After not offering a contract to Czech goalie Karel Vejmelka before the June 1st deadline, Nashville was left at two goalies signed in the organization outside of Nashville. After today’s trade, that number jumps to three, with the acquisition of Connor Ingram from the Tampa Bay Lightning for a 7th-round pick in 2021.
Before I get into the breakdown of his game, I want to address the season that Ingram had. I spent the past couple years in Syracuse watching Ingram live and getting close with people who know him. The talent is undeniable. The fine folks over at Raw Charge have done a good job of summarizing briefly what went down last season here. Joe Smith, of The Athletic, went into further detail here.

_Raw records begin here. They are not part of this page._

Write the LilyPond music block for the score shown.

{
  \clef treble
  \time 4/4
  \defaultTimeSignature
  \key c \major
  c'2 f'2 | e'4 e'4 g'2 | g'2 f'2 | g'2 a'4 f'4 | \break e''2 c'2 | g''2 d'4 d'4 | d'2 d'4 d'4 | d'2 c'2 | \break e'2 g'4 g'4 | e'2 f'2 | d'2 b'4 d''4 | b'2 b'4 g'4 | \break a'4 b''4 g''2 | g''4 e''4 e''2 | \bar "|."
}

The crux of the issue is this: Ingram was riding high as one of the best netminders in the AHL this season, getting named to the AHL All-Star Game. On March 6, he was demoted to the ECHL with little to no contact from the staff in Syracuse after a string of healthy-scratches. Ingram was recalled a few weeks later but never played before the Crunch added Atte Tolvanen and demoted Ingram once more. Ingram stated in March that he never asked Julien BriseBois for a trade.
I won’t speak about the person he is or isn’t; I know plenty of people in Syracuse who couldn’t say a bad thing about him. It’s a curious circumstance that likely forced Tampa’s hand. At the end of the day, his talent demands he should be challenging for NHL time soon, but whether that was agreed upon by the powers that be in Syracuse or not is not up to me to decide.
By The Numbers
Ingram was one of the best Major Junior goalies of his time, posting back-to-back seasons with a save percentage higher than .920 with the Kamloops Blazers. He split time with fellow WHL star Carter Hart at the 2017 World Junior Championships for Canada.

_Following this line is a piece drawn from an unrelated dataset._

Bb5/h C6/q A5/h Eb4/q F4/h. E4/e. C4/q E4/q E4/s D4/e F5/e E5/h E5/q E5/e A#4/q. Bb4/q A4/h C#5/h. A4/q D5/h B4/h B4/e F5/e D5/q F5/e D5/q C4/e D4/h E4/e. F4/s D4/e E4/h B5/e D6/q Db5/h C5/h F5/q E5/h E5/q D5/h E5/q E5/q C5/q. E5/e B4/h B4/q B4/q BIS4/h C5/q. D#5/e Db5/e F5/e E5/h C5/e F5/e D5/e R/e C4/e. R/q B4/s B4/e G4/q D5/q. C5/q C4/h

In his first full season in Syracuse, he appeared in 35 games with a 0.914 save percentage and a cup of coffee in the ECHL. Last season, however, Ingram’s game really started to take shape.
The third-round pick in 2016 started 21 games and appeared in one more, finishing with a 14-7-0 record and six (!!!) shutouts. He faced 28.91 shots per 60 minutes but only had 11 Quality Starts (a start above the league-average save percentage or when the goalie allows two or fewer goals and posst a save percentage above the league-average). Most importantly, he had a 11.409 goals-saved above average rate, good for 14th in the league among goalies with 20+ starts.
Ingram went on to start 13 more games in the ECHL with Orlando and posted a 0.914 save percentage.
The Eye Test
I saw a good amount of Ingram live in Syracuse; I will do my best to translate my thoughts with some clips below.
In the clip above, you will notice the bedrock of Ingram’s game is his technical movement. He’s fluid with his pad control even as the puck crosses the slot and doesn’t often use the perimeter to cover holes.
Here is another example of that cross-crease movement.
Despite this being an iffy goal to give up, notice how quickly Ingram re-adjusts to the pick and tapers his depth in the crease accordingly.
Ingram has displayed moments like the one above. His technical movement is still good, but he shows a lack of control with his edges that leads to him being drawn horribly out of position.
While Ingram is generally tight with his coverage down low, he can be picked up high on the glove side as a weakness at times. Notice how he maintains that hand closer to his chest here as he works to bring his whole frame over instead of extending his arm.
Overall, Ingram has been a highly-touted prospect that can give you saves like the one above frequently when he’s on his game. There is still room for maturation and timing, but, like I said, the talent is abundant.
Ingram has one year remaining on his entry-level contract with a cap hit of $759.2K and a minors salary of $70K. Upon expiry he will be a restricted free agent.